HarvestPlus has launched a novel “nutri-school” model to increase school children’s access to nutrient-enriched foods and promote optimal health and development as a part of the Indian Government’s Mid-Day Meal Scheme.
Nutri Pathshala is an integral approach being adopted by the HarvestPlus and Happel Foundation project, Health and Nutrition for School-Age Children (HaNSA). HaNSA is integrating locally procured biofortified grains into the meals of two million Indian children through school feeding programs.
In addition to providing nutrient dense meals, Nutri Pathshala delivers education about broad aspects of health and nutrition. The project is teaching children about the importance of adequate hygiene, a balanced diet, the benefits of biofortified crops, and guiding them on how to prepare and choose meals that are nutritionally adequate, affordable, and accessible.
This holistic approach aims to address some of the underlying causes of malnutrition, improve school children’s nutritional status, and promote short- and long-term behavioral changes that will translate into lifelong nutrition and health benefits for the whole family.
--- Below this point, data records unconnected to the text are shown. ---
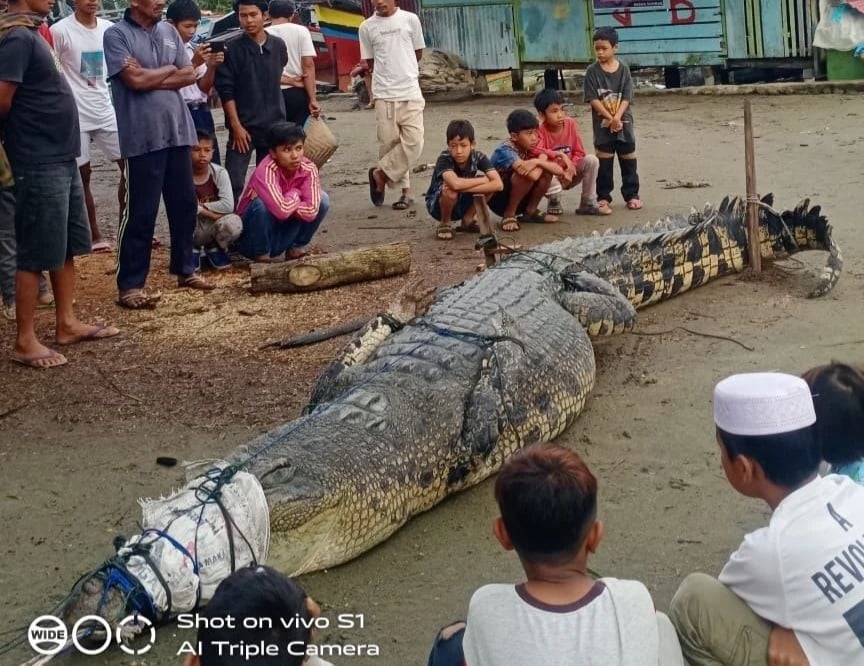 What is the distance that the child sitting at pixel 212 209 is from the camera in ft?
23.5

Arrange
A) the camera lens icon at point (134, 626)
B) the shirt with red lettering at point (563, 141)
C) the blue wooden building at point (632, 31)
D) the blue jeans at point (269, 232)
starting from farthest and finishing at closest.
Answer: the blue wooden building at point (632, 31), the shirt with red lettering at point (563, 141), the blue jeans at point (269, 232), the camera lens icon at point (134, 626)

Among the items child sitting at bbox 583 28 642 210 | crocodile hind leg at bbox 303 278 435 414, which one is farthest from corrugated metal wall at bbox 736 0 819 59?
crocodile hind leg at bbox 303 278 435 414

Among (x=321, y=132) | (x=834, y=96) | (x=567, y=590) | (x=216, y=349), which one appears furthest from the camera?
(x=834, y=96)

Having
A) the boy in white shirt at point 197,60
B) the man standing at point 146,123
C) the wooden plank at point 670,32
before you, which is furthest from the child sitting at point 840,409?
the wooden plank at point 670,32

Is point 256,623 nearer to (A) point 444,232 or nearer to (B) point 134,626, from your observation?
(B) point 134,626

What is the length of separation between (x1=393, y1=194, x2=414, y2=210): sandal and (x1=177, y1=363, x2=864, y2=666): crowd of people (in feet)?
21.9

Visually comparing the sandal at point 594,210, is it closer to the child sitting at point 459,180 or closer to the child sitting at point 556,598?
the child sitting at point 459,180

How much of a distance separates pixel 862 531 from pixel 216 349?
4.00 metres

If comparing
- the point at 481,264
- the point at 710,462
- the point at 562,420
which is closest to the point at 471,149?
the point at 481,264

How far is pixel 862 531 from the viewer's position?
235 cm

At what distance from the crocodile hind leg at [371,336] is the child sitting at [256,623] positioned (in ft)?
7.17

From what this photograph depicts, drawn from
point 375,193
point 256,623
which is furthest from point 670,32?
point 256,623

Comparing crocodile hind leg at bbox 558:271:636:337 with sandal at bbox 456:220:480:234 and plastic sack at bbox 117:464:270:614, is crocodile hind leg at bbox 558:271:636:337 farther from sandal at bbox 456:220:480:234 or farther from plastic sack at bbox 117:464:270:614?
plastic sack at bbox 117:464:270:614

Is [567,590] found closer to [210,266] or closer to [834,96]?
[210,266] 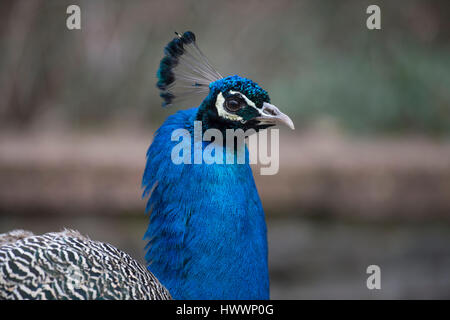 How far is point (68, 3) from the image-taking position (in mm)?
3025

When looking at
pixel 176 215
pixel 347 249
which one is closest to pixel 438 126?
pixel 347 249

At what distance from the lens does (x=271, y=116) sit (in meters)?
1.12

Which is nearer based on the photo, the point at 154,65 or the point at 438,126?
the point at 438,126

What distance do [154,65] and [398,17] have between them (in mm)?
1575

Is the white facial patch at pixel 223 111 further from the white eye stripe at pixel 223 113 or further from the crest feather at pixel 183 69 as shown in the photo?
the crest feather at pixel 183 69

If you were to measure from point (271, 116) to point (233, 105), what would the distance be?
9 centimetres

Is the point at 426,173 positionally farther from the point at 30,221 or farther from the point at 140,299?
the point at 30,221

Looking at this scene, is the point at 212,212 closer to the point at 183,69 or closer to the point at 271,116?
the point at 271,116

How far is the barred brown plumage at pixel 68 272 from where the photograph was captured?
0.89 m

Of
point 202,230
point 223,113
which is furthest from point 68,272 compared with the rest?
point 223,113

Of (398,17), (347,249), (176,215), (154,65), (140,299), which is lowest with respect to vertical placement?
(347,249)

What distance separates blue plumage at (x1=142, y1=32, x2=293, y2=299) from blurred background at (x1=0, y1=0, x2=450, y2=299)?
1.23m

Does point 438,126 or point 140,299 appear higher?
point 438,126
The Nutri Pathshala model introduces concepts critical to the healthy development of children, such as:
- Nutri-Khet, or the “fields growing biofortified crops” that serve as the foundation of the project. Nutrient-enriched seeds and grains are grown by local farmers and farmer producer companies.
- Nutri-Kitchens, or a “kitchens cooking nutritious meals” that ensure access to safe, nutritious, and wholesome meals.
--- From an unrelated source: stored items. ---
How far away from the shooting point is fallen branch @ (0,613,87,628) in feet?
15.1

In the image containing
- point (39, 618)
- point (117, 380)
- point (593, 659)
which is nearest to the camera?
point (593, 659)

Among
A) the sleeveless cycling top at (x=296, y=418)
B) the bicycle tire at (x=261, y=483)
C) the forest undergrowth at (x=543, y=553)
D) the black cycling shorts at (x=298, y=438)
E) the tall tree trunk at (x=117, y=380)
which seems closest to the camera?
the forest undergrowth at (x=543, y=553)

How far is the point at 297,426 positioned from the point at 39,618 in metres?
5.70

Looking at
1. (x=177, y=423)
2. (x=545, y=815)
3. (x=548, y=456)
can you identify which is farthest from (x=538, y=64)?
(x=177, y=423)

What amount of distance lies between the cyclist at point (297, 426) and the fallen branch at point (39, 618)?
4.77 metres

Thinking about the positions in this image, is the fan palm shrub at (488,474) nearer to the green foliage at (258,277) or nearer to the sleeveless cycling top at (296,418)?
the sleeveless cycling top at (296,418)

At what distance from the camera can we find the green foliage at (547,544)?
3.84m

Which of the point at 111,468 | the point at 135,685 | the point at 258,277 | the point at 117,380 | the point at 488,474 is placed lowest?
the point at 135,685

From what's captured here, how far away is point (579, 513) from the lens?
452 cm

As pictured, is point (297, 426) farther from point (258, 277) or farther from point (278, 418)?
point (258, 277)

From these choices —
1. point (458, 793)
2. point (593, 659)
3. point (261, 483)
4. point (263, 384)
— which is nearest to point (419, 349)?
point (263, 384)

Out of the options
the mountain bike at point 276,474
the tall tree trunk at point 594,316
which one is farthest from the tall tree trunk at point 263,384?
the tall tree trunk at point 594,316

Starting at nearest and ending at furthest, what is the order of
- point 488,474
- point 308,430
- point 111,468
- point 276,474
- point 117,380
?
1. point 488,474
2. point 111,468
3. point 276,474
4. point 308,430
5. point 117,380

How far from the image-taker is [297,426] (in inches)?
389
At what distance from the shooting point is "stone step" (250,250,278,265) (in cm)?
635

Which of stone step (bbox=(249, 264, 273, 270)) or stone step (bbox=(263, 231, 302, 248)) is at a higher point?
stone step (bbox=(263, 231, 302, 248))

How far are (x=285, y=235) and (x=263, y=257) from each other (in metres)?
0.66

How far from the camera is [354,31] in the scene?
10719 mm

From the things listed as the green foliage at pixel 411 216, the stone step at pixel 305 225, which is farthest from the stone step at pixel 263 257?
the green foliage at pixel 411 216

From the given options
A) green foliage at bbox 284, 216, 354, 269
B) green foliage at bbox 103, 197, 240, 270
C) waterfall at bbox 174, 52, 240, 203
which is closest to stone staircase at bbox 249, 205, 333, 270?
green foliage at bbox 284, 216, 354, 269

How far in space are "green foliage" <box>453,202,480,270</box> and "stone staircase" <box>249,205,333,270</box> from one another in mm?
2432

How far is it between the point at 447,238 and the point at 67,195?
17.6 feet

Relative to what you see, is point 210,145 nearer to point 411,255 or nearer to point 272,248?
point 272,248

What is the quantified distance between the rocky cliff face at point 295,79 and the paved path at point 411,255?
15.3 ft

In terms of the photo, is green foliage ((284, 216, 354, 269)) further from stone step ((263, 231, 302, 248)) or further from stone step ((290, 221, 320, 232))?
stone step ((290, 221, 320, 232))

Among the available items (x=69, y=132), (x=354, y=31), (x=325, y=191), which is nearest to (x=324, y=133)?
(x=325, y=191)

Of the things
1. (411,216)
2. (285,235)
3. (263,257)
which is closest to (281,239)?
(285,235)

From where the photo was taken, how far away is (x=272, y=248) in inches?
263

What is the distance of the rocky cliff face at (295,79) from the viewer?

- Arogya Clubs, “health clubs” or dedicated spaces for school children to learn about health, nutrition, physical activity, healthy eating habits, clean water, sanitation and hygiene, physical and mental growth, and more.
- Nutri-Diary, a tool to track the daily meals consumed and evaluate the impact of the program. The diary also monitors activities and games associated with a balanced diet and physical activity.
- Nutri-Buddy, a collaboration between senior health and nutrition students from local educational institutions and Nutri Pathshala students to help with project monitoring and adherence to the nutri-diary, while providing support and training to teachers running Arogya Clubs and other related activities.
Using the Nutri Pathshala approach, the HaNSA project aims to improve the nutrient density of school meals across six Indian states (Andhra Pradesh, Jharkhand, Maharashtra, Rajasthan, Uttar Pradesh, and Telangana) to help combat hidden hunger and promote equitable cognitive and physical development across social classes and genders.